> **What to produce**: From the first record to the last, write each one out again exactly.

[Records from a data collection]
------------------------------------
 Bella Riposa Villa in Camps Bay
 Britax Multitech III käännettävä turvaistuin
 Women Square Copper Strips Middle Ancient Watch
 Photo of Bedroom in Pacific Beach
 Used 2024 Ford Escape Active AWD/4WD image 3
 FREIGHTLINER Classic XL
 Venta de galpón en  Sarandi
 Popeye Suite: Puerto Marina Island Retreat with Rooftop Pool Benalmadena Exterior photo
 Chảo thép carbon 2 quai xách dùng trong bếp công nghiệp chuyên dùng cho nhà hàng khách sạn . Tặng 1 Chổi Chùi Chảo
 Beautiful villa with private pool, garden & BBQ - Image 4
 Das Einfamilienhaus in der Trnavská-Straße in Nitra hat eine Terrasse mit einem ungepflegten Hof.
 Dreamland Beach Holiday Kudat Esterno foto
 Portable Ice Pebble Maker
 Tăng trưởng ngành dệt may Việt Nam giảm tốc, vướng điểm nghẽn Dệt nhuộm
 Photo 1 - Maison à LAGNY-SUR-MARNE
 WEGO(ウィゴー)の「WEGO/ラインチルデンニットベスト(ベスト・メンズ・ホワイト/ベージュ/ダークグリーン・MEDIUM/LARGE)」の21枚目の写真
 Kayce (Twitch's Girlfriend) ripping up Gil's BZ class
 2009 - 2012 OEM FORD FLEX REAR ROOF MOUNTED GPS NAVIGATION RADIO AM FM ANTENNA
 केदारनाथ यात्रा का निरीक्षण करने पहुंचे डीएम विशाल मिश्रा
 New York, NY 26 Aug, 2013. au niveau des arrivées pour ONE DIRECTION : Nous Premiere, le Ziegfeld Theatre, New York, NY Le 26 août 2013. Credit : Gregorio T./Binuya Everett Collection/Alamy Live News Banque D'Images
------------------------------------
> **Response area**:
 Bella Riposa Villa in Camps Bay
 Britax Multitech III käännettävä turvaistuin
 Women Square Copper Strips Middle Ancient Watch
 Photo of Bedroom in Pacific Beach
 Used 2024 Ford Escape Active AWD/4WD image 3
 FREIGHTLINER Classic XL
 Venta de galpón en  Sarandi
 Popeye Suite: Puerto Marina Island Retreat with Rooftop Pool Benalmadena Exterior photo
 Chảo thép carbon 2 quai xách dùng trong bếp công nghiệp chuyên dùng cho nhà hàng khách sạn . Tặng 1 Chổi Chùi Chảo
 Beautiful villa with private pool, garden & BBQ - Image 4
 Das Einfamilienhaus in der Trnavská-Straße in Nitra hat eine Terrasse mit einem ungepflegten Hof.
 Dreamland Beach Holiday Kudat Esterno foto
 Portable Ice Pebble Maker
 Tăng trưởng ngành dệt may Việt Nam giảm tốc, vướng điểm nghẽn Dệt nhuộm
 Photo 1 - Maison à LAGNY-SUR-MARNE
 WEGO(ウィゴー)の「WEGO/ラインチルデンニットベスト(ベスト・メンズ・ホワイト/ベージュ/ダークグリーン・MEDIUM/LARGE)」の21枚目の写真
 Kayce (Twitch's Girlfriend) ripping up Gil's BZ class
 2009 - 2012 OEM FORD FLEX REAR ROOF MOUNTED GPS NAVIGATION RADIO AM FM ANTENNA
 केदारनाथ यात्रा का निरीक्षण करने पहुंचे डीएम विशाल मिश्रा
 New York, NY 26 Aug, 2013. au niveau des arrivées pour ONE DIRECTION : Nous Premiere, le Ziegfeld Theatre, New York, NY Le 26 août 2013. Credit : Gregorio T./Binuya Everett Collection/Alamy Live News Banque D'Images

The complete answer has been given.